Quote:
Posted By TerriS6 on 07/02/2023 10:27 AM
I read Davis-Stirling.com some months ago under budget - excess funds and how IRS rules apply. My understanding was any excess had to be applied to next year's assessments or returned to members and the decision had to be made by the members - otherwise the excess funds would be taxable. I asked our treasurer about it and she said that's not true.
Our by-laws don't address this.
Thank you for explaining from where you are coming. Your source seems to be largely the site I linked above. This is fine, AFAIC.
For someone new to HOA tax law in particular, the site I linked is not an easy read. If a person is also a bit new to HOA law in general, I think this new-ness will also be an impedance to understanding what is going on.
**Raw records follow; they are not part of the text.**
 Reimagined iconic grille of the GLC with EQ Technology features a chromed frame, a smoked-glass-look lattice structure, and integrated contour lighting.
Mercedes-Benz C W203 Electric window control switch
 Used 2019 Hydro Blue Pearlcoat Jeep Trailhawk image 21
I am not trying to be snotty. I am trying to say these topics are pretty complex. Anyone thinking he/she will have command of many of these topics
after just one sitting perhaps does not understand the learning process? Just my opinion.
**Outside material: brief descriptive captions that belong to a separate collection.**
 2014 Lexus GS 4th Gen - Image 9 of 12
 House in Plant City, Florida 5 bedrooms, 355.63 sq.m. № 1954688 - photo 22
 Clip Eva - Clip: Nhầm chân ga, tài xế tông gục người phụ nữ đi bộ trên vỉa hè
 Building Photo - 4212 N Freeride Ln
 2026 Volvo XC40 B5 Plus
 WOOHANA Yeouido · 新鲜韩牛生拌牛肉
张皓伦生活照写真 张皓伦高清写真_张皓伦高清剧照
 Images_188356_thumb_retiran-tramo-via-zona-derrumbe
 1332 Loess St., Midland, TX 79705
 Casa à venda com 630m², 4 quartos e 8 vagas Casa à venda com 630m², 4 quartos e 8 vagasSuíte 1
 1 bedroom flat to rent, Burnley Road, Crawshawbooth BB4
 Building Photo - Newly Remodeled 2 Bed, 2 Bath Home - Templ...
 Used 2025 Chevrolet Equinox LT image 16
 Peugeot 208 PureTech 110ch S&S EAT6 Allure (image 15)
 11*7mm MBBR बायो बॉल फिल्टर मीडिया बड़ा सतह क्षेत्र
Also I believe an online forum is not the greatest place to teach people about HOA law, budgeting and so forth. Hopefully you get this. From prior exchanges, I think you do.
I appreciate your digging in and trying to get still more command of owners' rights and board rights. Below, I hope you will ask questions as needed to get clarification.
You say the bylaws are silent. In my opinion, and assuming the board is satisfied with the funding of reserves, I suppose the board
could vote to refund excess income. But the board does not have to. The reason the owners do not have this right is because the owners have only the rights expressly reserved to them in the bylaws, covenants and state law. What the owners can control has to be written down in the aforementioned documents. Many people think this is crazy, and it deprives owners of controlling their fate. This is flatly false. Owners control their fate by electing (and if desired, recalling) directors they want. The courts are keenly aware of this. Owners do have much control over their own fate. I am not saying it is perfect. "Perfect" here does not exist, AFAIC.
At your HOA the reason the board has the right to apply the excess income to the following year's budget is because the board sets the budget. You should read your bylaws carefully to learn the details of this. Then search the D-S site for "budget."
I am aware in California that assessment increases over a certain amount require the owners' (en masse) approval. See https://www.davis-stirling.com/HOME/H/HOA-Assessment-Increase-Limitations. This is an example of when the statutes reserve a specific right to the owners.
At your HOA, do the bylaws say the owners have to approve the annual budget? Or do the bylaws maybe say the owners have the right to reject a budget? If so, then once again, this is a specific, express power reserved to the owners. Owners absolutely can and should use this right to rein in a board.
Quote:
Posted By TerriS6 on 07/02/2023 10:27 AM
So they spend it how they wish and don't pay taxes on it.
I hope they spend it within the constraints of the governing documents. Plus, with owners the board should be completing the annual "excess income resolution." If this is not happening, then as needed, ask me what risks the HOA is taking.
The excess income resolution is for legal protection against the IRS. It is not a trivial excercise, IMO. The owners should vote on the resolution. Just be aware that this is
not a vote on whether to say, refund money to owners. The vote is a formality that aids the HOA accountant and protects the HOA, in case the IRS comes a-knocking.
Quote:
Posted By TerriS6 on 07/02/2023 10:27 AM
Davis-Stirling is good but it's always slanted to the board's favor in its explanations.
I disagree. It is slanted towards what the statutes, governing documents and case law say.